§ **Assigned task**: Your job is to return each record exactly, minus any pictures.
Start of Supplied records
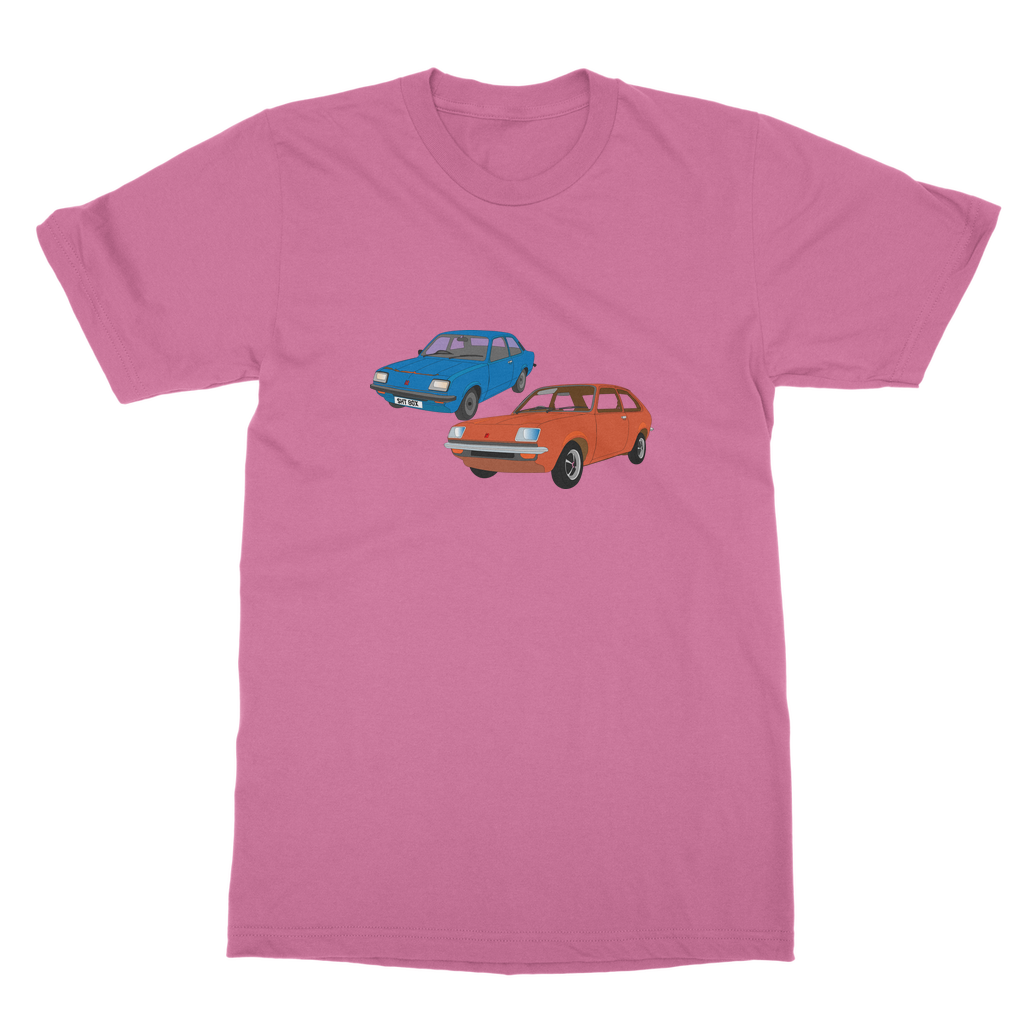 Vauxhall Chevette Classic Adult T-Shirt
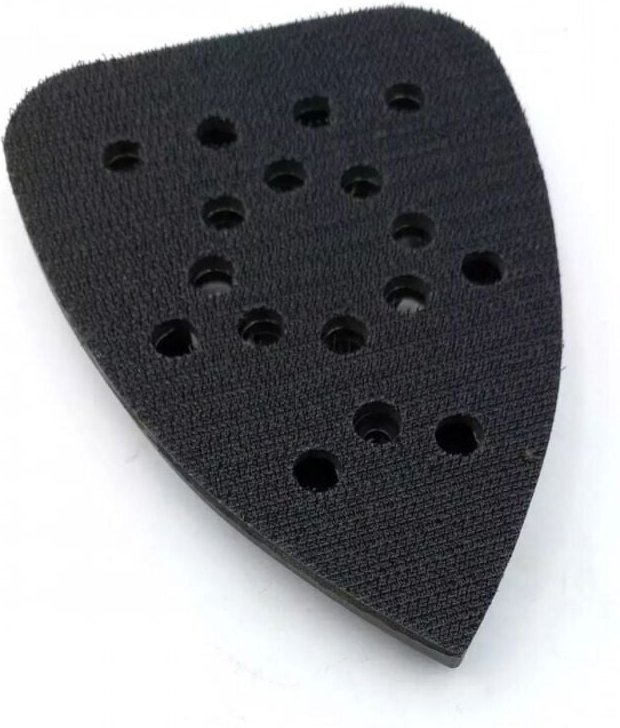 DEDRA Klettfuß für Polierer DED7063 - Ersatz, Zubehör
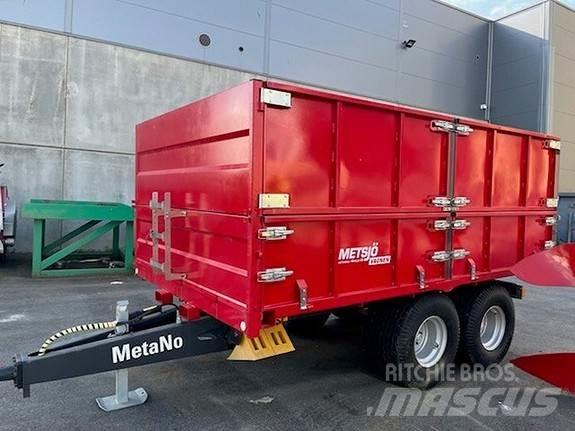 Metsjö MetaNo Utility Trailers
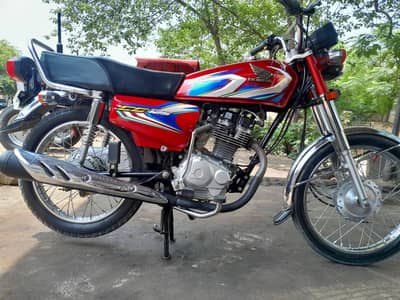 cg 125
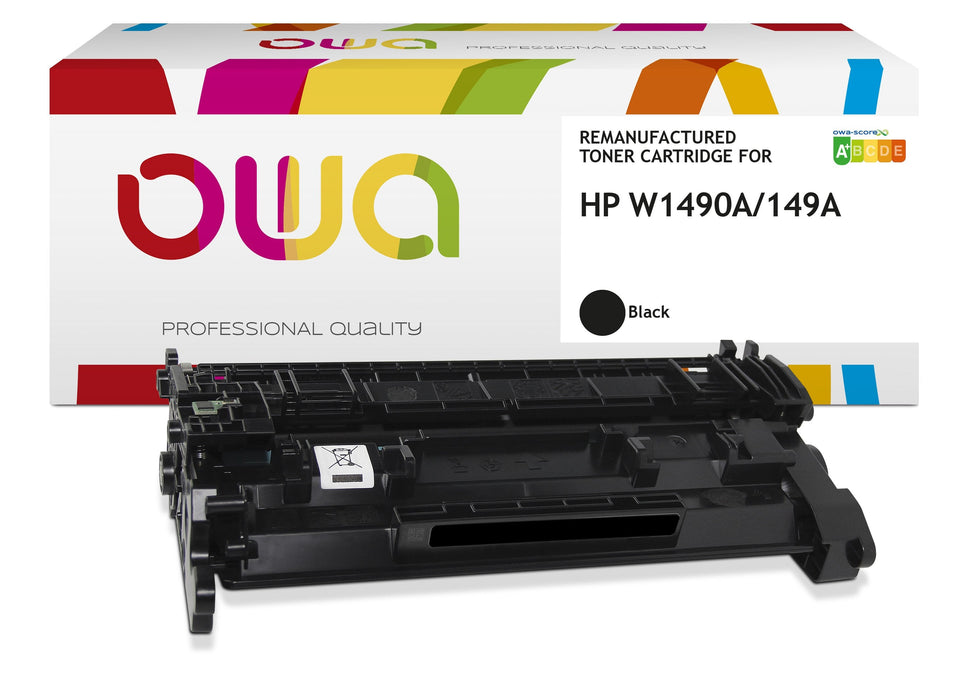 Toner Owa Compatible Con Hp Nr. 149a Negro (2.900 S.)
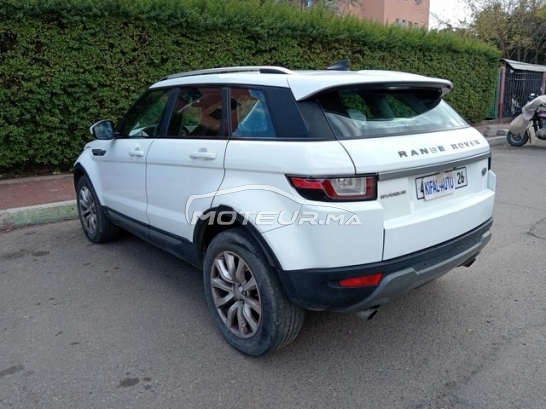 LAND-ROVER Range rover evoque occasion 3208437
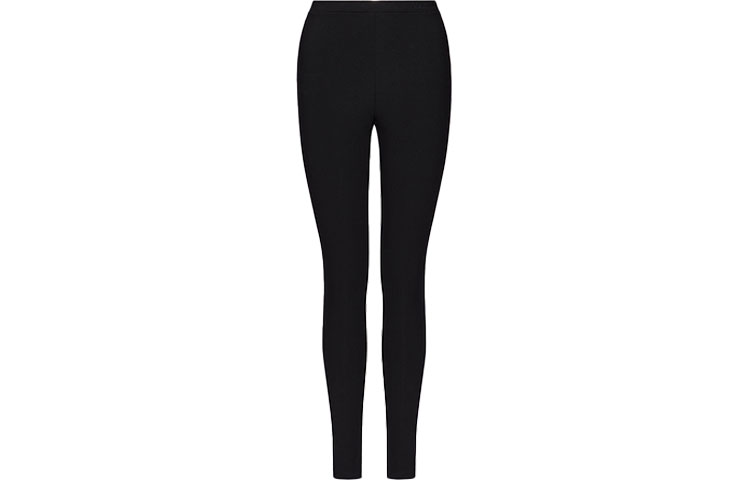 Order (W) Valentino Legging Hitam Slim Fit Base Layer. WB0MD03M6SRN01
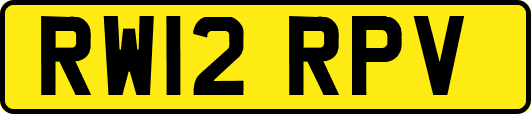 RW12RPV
End of Supplied records
§ **Task output**:
 Vauxhall Chevette Classic Adult T-Shirt
 DEDRA Klettfuß für Polierer DED7063 - Ersatz, Zubehör
 Metsjö MetaNo Utility Trailers
 cg 125
 Toner Owa Compatible Con Hp Nr. 149a Negro (2.900 S.)
 LAND-ROVER Range rover evoque occasion 3208437
 Order (W) Valentino Legging Hitam Slim Fit Base Layer. WB0MD03M6SRN01
 RW12RPV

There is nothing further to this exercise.